Los Lanzallamas
Los Lanzallamas El desconocido se desprende del casco, descubriendo el cráneo tomado por las tres correas de la máscara; desabrocha las hebillas y delicadamente aparta el aparato adherido por unas pinzas a su nariz. Absorbe aire profundamente.
Erdosain examina el fino rostro del soldado, que con sus ojos amarillos y los finos labios apretados refleja un “espíritu con avidez de crueldad” ―uso estrictamente los términos de Erdosain―. Sin embargo, el desconocido debe estar gravemente enfermo, pues sus labios y los lóbulos de las orejas aparecen ligeramente teñidos de un halo violáceo.

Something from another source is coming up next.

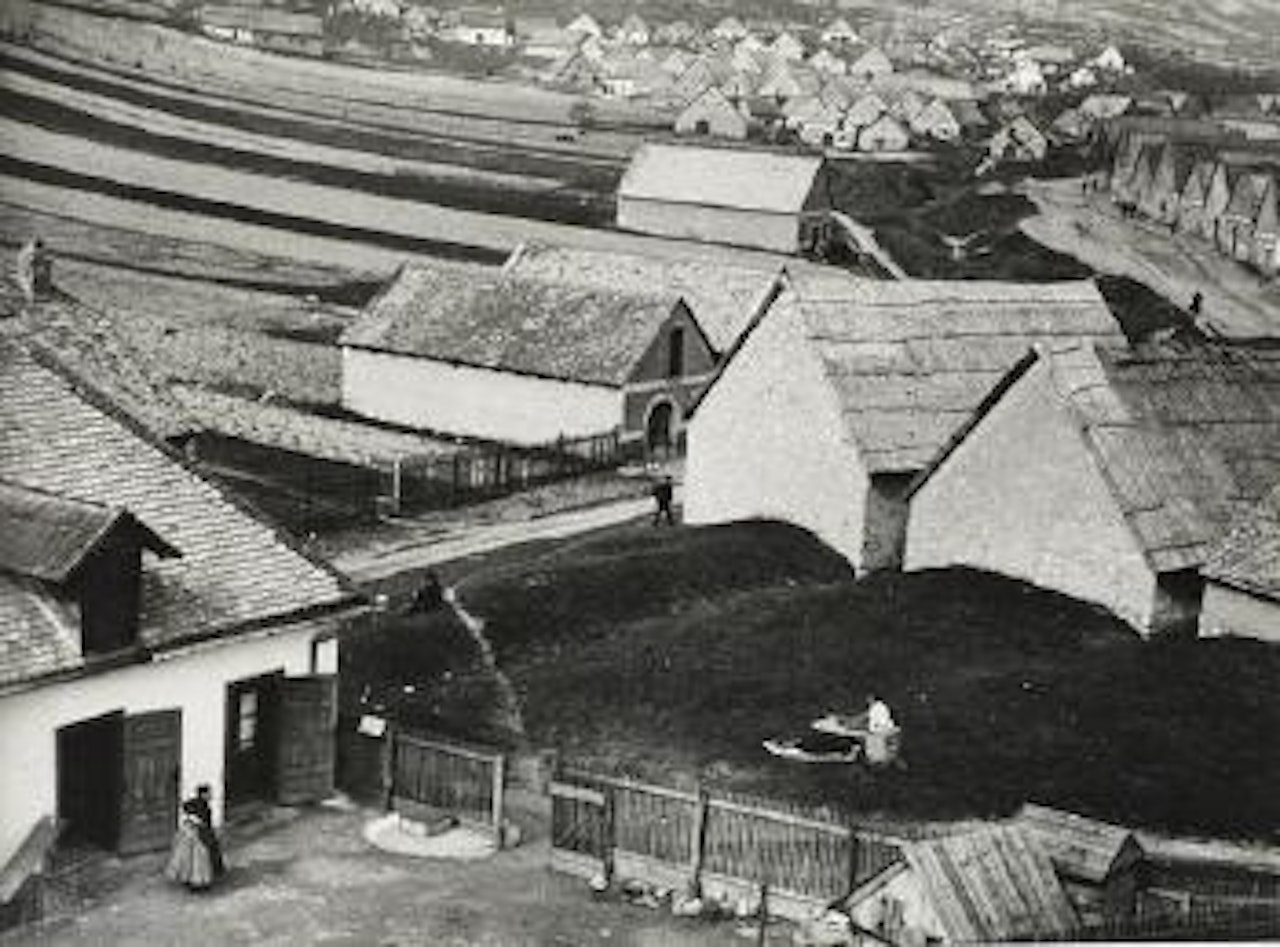 Celliers, Budafok, Hongrie, Esztergom, Hongrie by André Kertész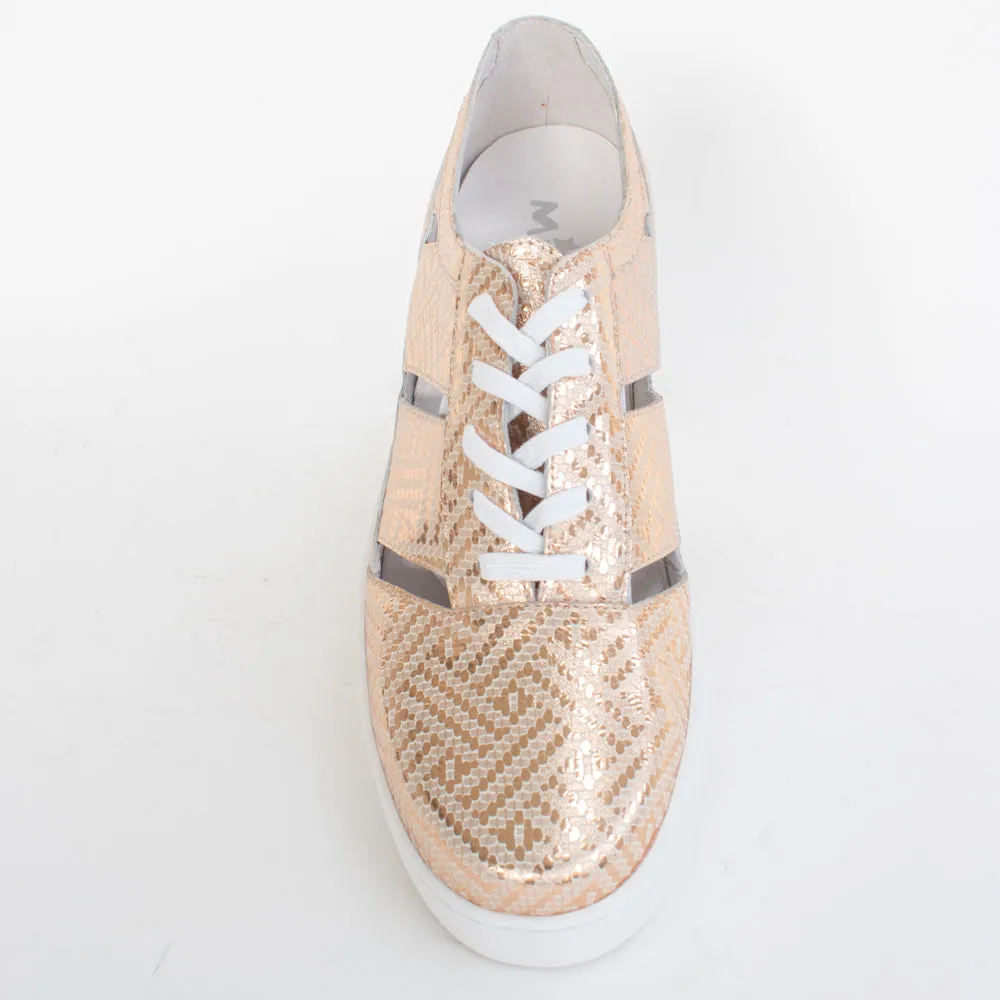 Whisper Gold Metallic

—Puede también sacarse los guantes —insiste Erdosain—. Aquí no hay gases.
El hombre extrae penosamente sus manos demacradas, de color mostaza, de los guantes impregnados de aceite, como el resto de su ropa. Mas, en verdad, la única preocupación del desconocido parece ser su aparato antigás. Busca con los ojos un lugar donde colocarlo, y por fin parece encontrarlo. Dobla los tubos de caucho con suma precaución, ajusta los tornillos del oxígeno solidificado, y conduciendo la máquina con la misma delicadeza que si fuera de cristal la acomoda sobre la mesa. Erdosain, al mirar por las espaldas del desconocido ―que está inclinado sobre la mesa―, se da cuenta de que lleva colgada de la cintura una gruesa pistola Mannlicher.